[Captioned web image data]
•••••
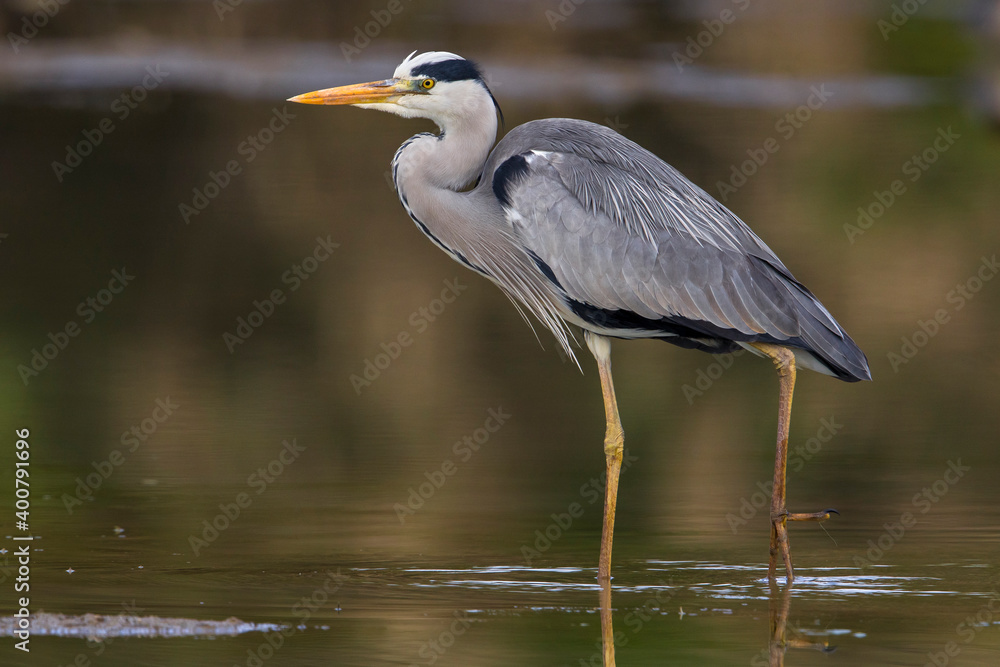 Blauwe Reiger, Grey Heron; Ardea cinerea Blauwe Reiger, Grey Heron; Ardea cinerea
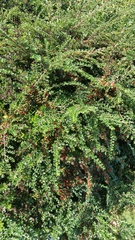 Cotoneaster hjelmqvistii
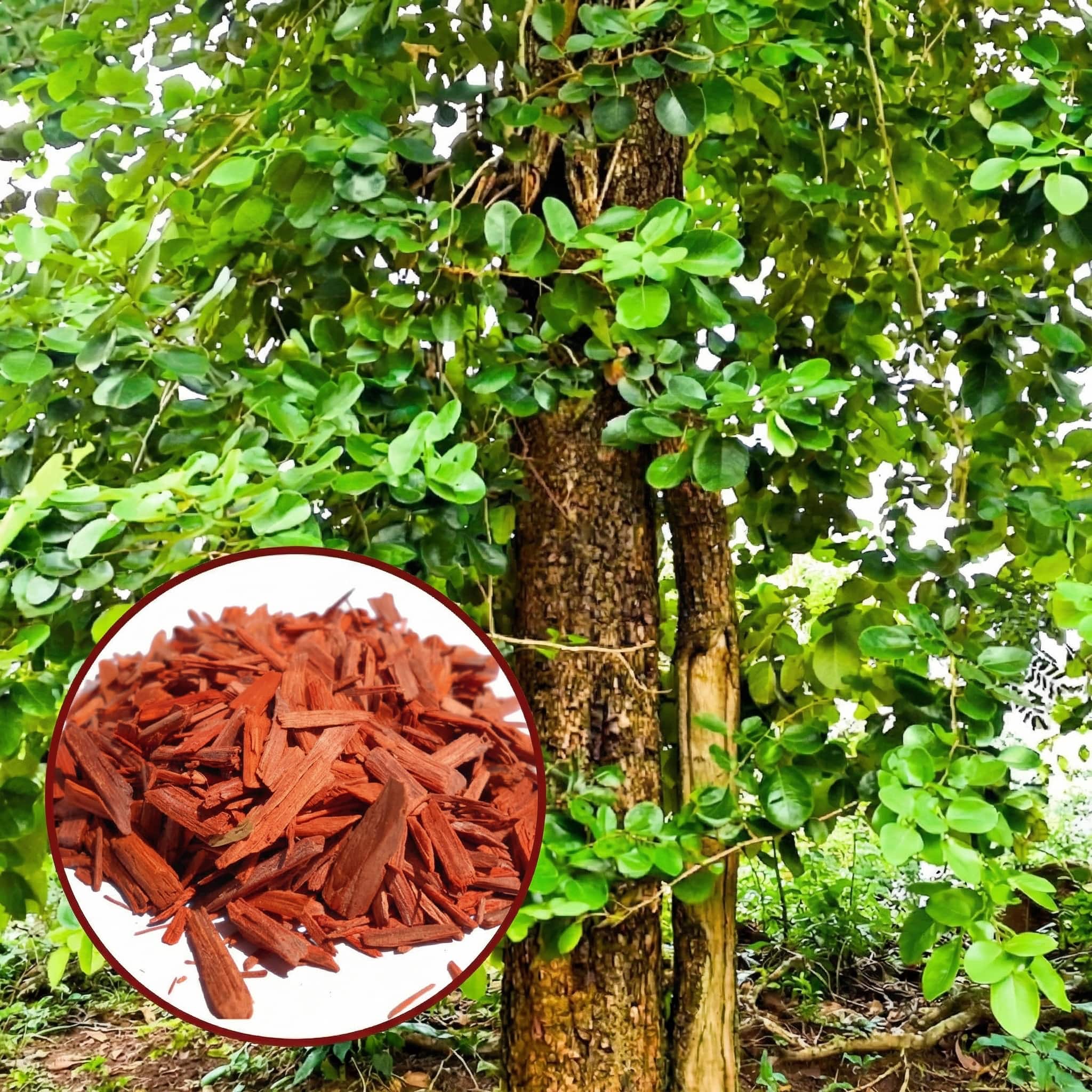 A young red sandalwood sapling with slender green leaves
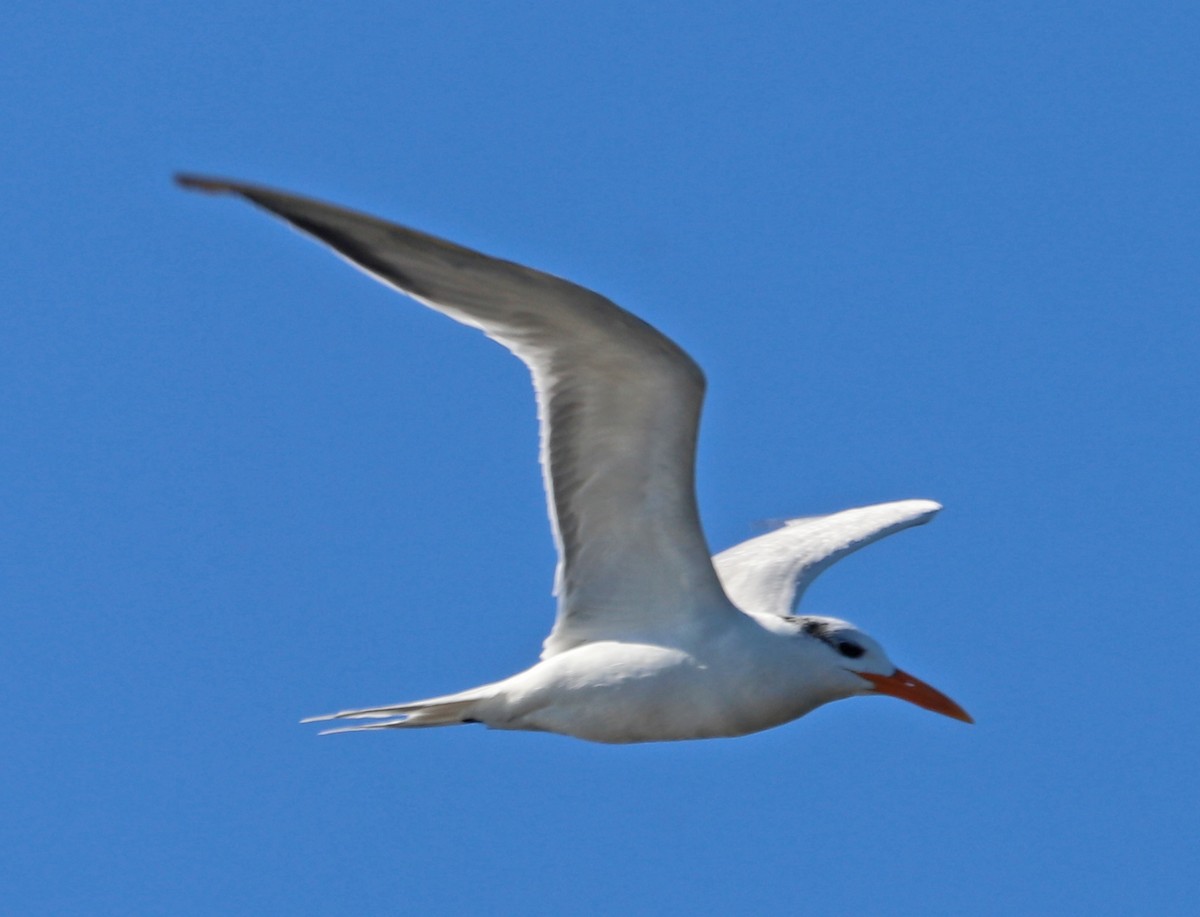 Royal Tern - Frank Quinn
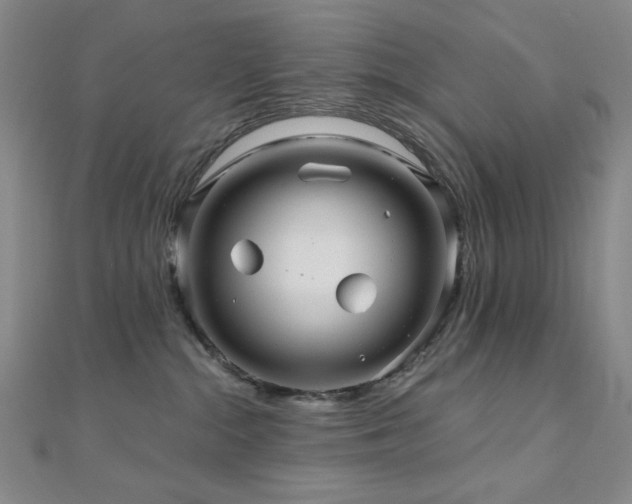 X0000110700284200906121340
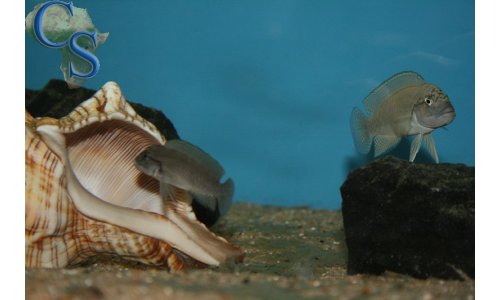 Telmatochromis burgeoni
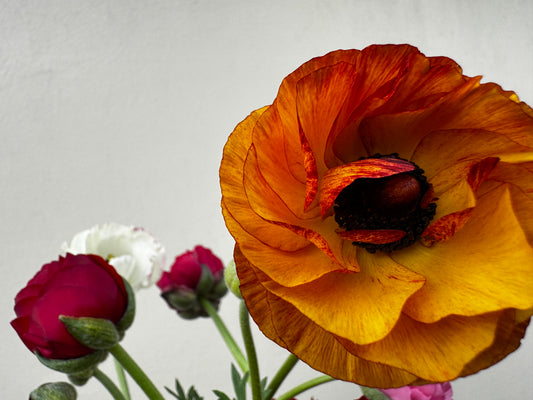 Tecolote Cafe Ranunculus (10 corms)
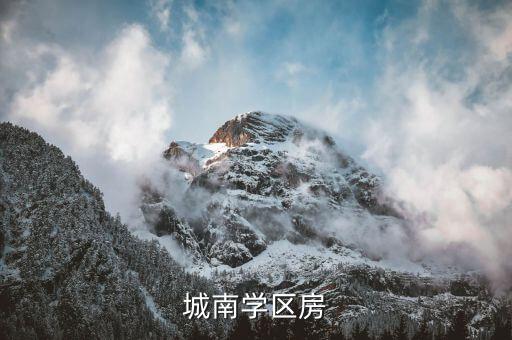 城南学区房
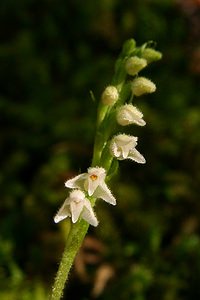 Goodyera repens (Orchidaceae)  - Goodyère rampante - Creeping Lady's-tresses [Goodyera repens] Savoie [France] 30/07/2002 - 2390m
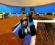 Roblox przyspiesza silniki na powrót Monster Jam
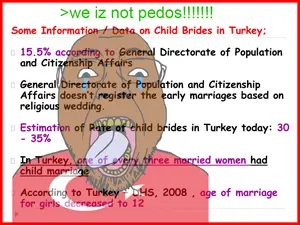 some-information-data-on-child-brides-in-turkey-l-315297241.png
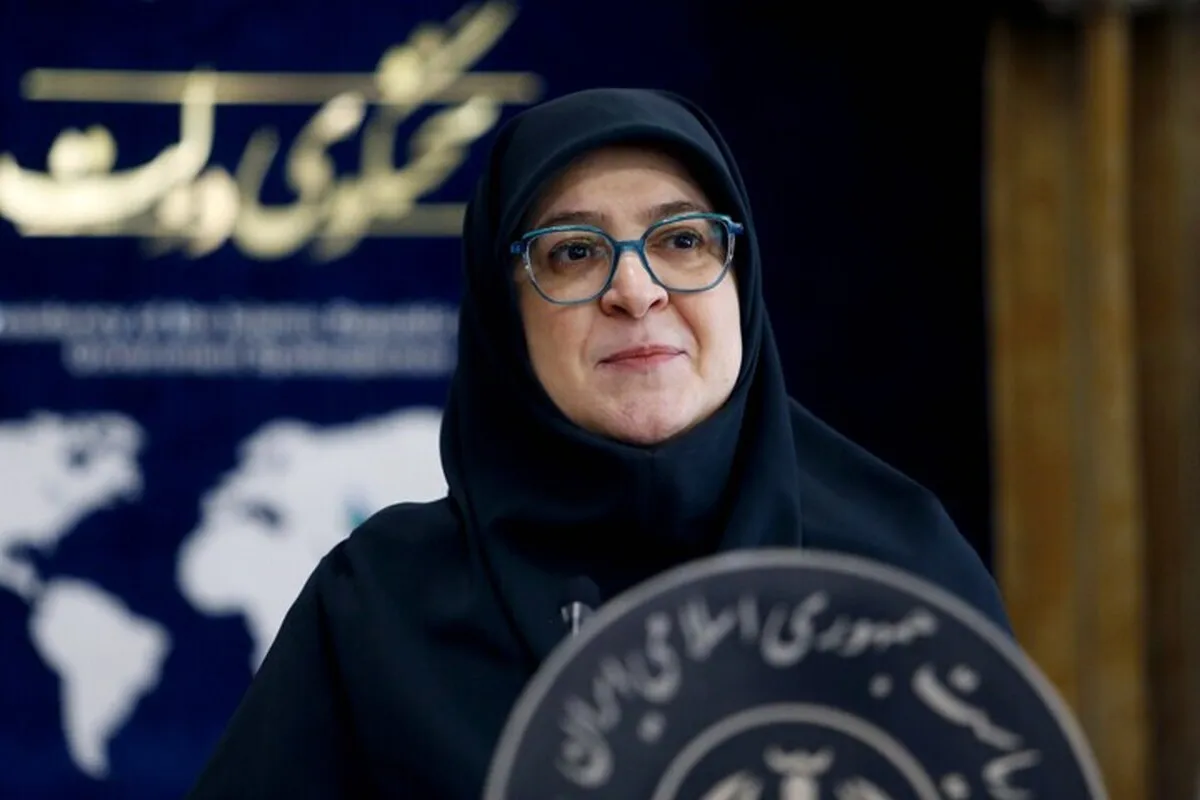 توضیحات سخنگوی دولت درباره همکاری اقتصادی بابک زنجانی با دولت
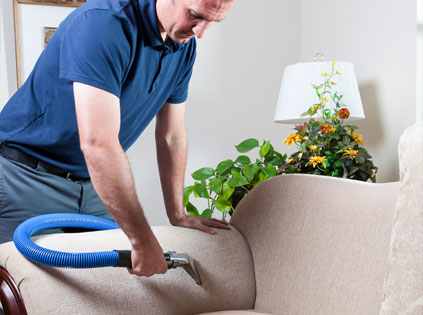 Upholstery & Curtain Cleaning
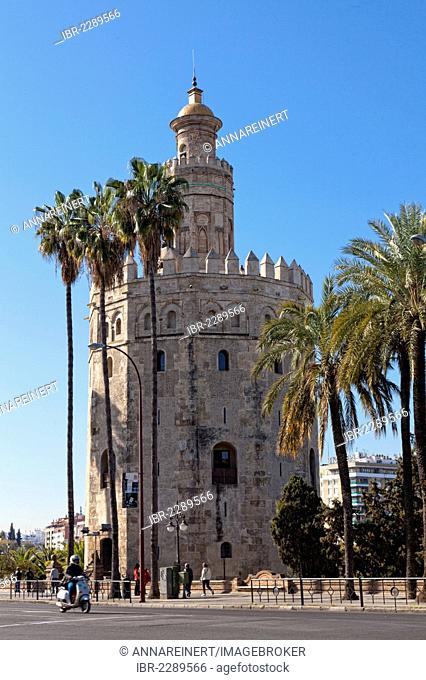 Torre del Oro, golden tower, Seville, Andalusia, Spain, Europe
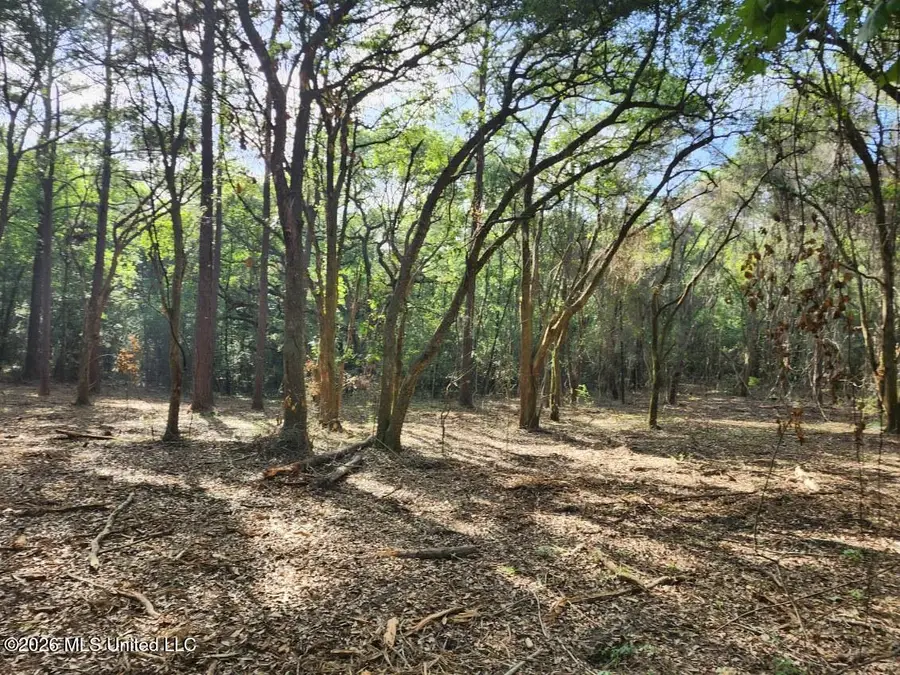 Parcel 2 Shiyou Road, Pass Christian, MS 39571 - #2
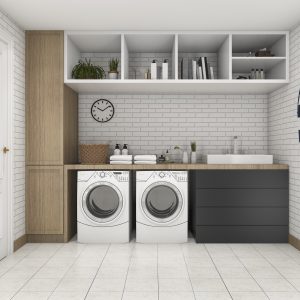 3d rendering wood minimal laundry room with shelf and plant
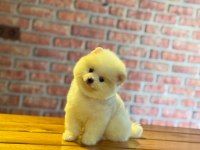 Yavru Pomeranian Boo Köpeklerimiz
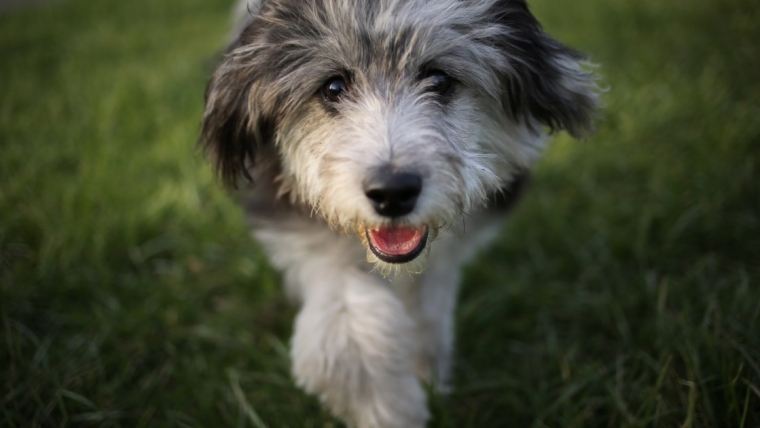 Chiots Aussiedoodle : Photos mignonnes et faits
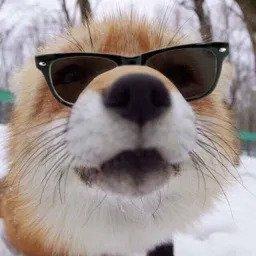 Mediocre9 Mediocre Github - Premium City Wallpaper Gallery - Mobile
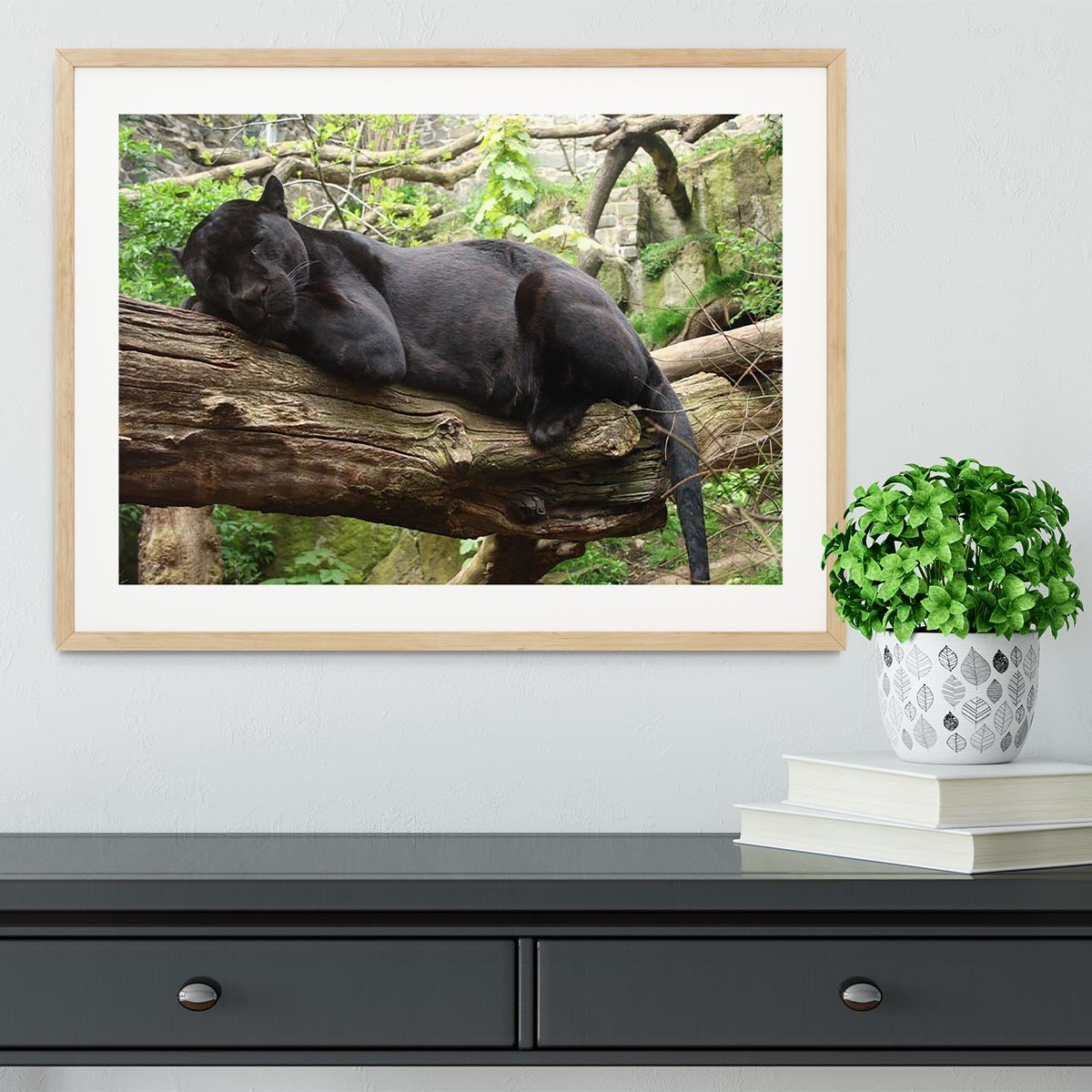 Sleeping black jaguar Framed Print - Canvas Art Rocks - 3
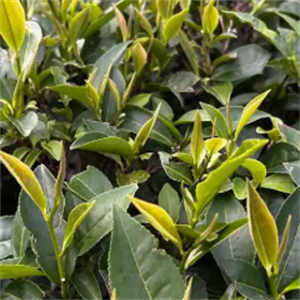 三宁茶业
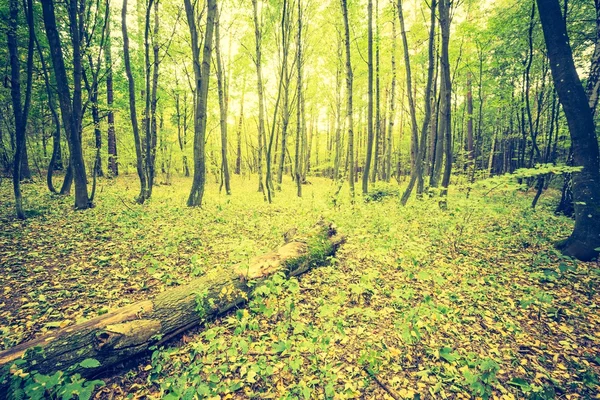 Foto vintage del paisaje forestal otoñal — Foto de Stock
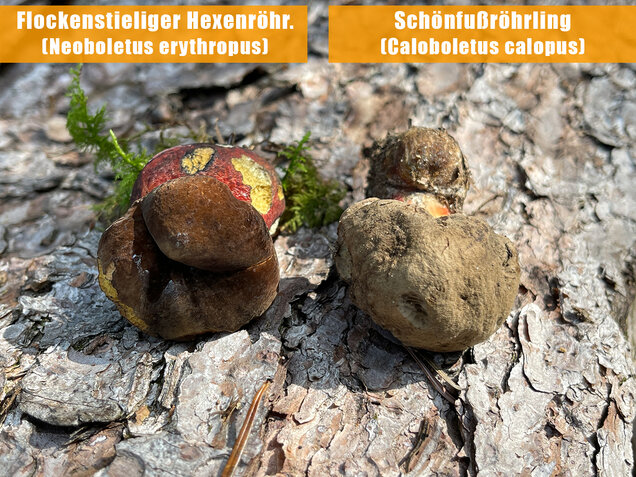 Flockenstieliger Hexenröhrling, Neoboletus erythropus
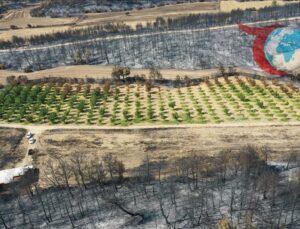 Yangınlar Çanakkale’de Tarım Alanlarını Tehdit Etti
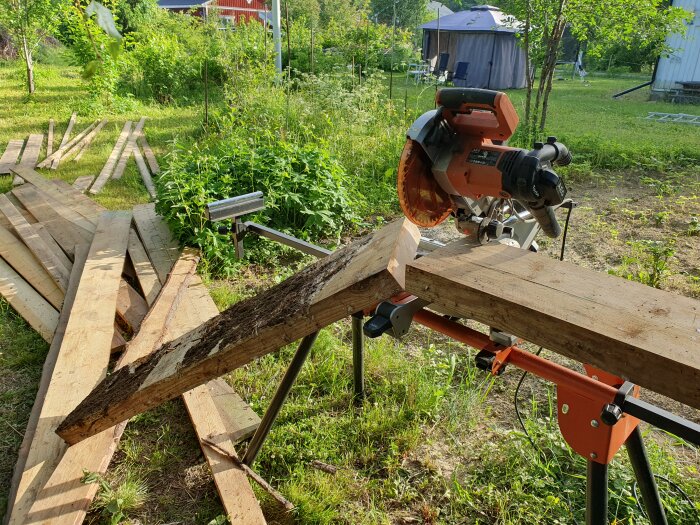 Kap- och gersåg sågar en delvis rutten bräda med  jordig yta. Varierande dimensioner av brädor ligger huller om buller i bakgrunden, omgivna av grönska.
•••••
Each line from the one holding "some-information-data-on-child-brides-in-turkey-l-315297241.png" through the final line of the data needs to be transcribed exactly. Include both ends, skip the pictures, and add nothing.

RESPONSE TO THE TASK
 some-information-data-on-child-brides-in-turkey-l-315297241.png
 توضیحات سخنگوی دولت درباره همکاری اقتصادی بابک زنجانی با دولت
 Upholstery & Curtain Cleaning
 Torre del Oro, golden tower, Seville, Andalusia, Spain, Europe
 Parcel 2 Shiyou Road, Pass Christian, MS 39571 - #2
 3d rendering wood minimal laundry room with shelf and plant
 Yavru Pomeranian Boo Köpeklerimiz
 Chiots Aussiedoodle : Photos mignonnes et faits
 Mediocre9 Mediocre Github - Premium City Wallpaper Gallery - Mobile
 Sleeping black jaguar Framed Print - Canvas Art Rocks - 3
 三宁茶业
 Foto vintage del paisaje forestal otoñal — Foto de Stock
 Flockenstieliger Hexenröhrling, Neoboletus erythropus
 Yangınlar Çanakkale’de Tarım Alanlarını Tehdit Etti
 Kap- och gersåg sågar en delvis rutten bräda med  jordig yta. Varierande dimensioner av brädor ligger huller om buller i bakgrunden, omgivna av grönska.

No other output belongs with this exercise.